Contre cette première proposition, je ne pense pas qu’il s’élève une seule voix. L’Autorité et la Liberté sont aussi anciennes dans le monde que la race humaine : elles naissent avec nous, et se perpétuent en chacun de nous. Remarquons seulement une chose, à laquelle peu de lecteurs feraient d’eux-mêmes attention : ces deux principes forment, pour ainsi dire, un couple, dont les deux termes, indissolublement liés l’un à l’autre, sont néanmoins irréductibles l’un dans l’autre, et restent, quoi que nous fassions, en lutte perpétuelle. L’Autorité suppose invinciblement une Liberté qui la reconnaît ou la nie ; la Liberté à son tour, dans le sens politique du mot, suppose également une Autorité qui traite avec elle, la refrène ou la tolère. Supprimez l’une des deux, l’autre n’a plus de sens : l’Autorité, sans une Liberté qui discute, résiste ou se soumet, est un vain mot ; la Liberté, sans une Autorité qui lui fasse contre-poids, est un non-sens.
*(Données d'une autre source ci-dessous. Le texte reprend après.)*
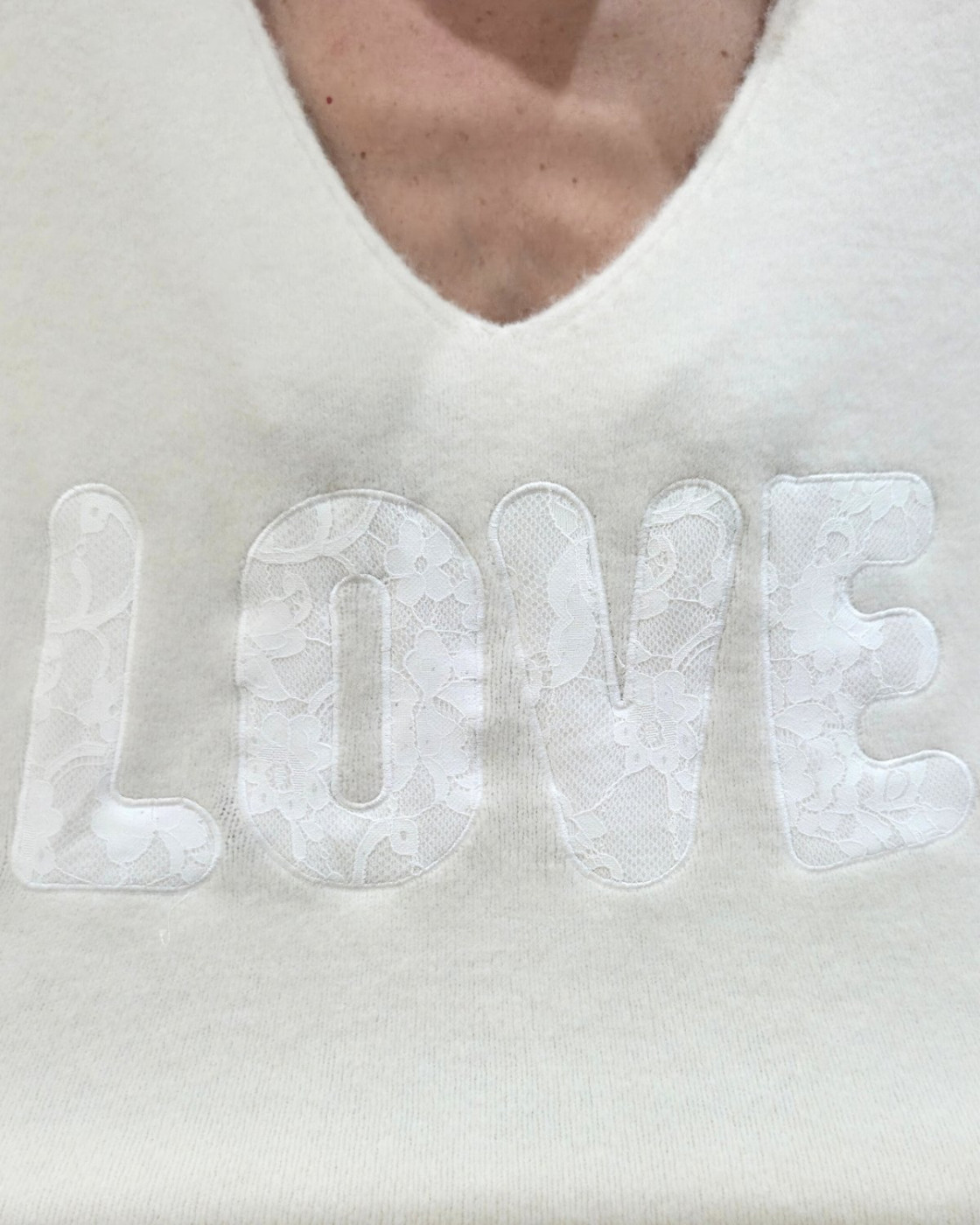 Pull femme col V Love et boutons dentelle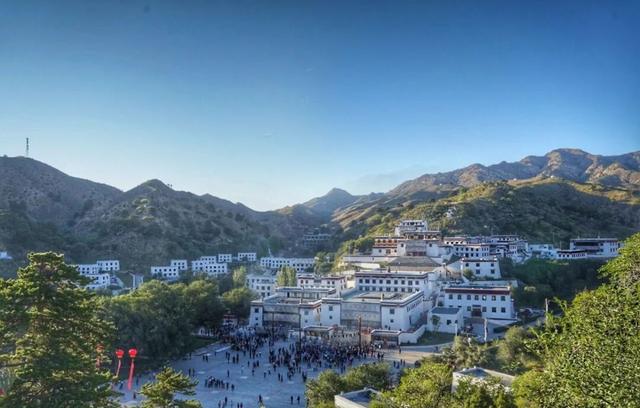 【免票啦~】教诲如春风，师恩似海深，五当召景区祝全体教师“教师节快乐”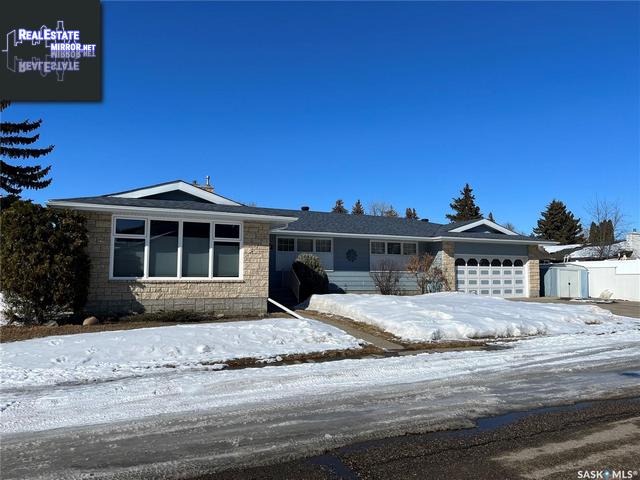 140 Greenfield Drive, Regina, Saskatchewan, S4S6B5, Canada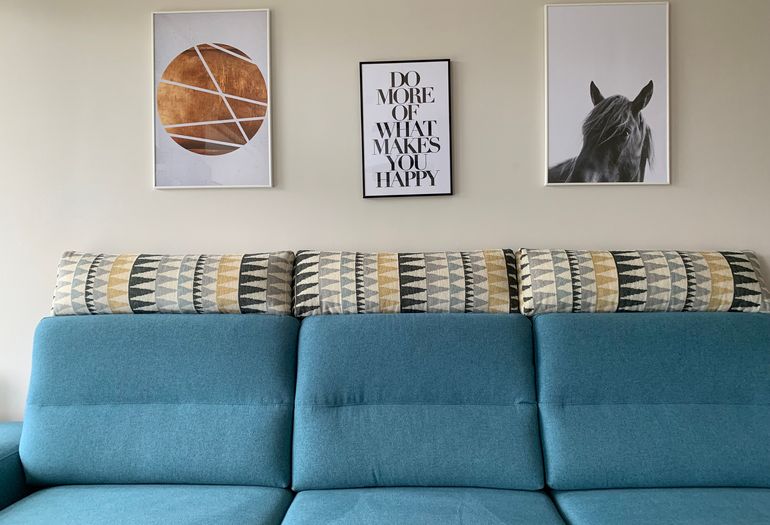 offener Wohnbereich mit Couch offener Wohnbereich mit Couch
Le principe d’Autorité, principe familial, patriarcal, magistral, monarchique, théocratique, tendant à la hiérarchie, à la centralisation, à l’absorption, est donné par la Nature, donc essentiellement fatal ou divin, comme l’on voudra. Son action, combattue, entravée par le principe contraire, peut indéfiniment s’étendre ou se restreindre, mais sans pouvoir s’annihiler jamais.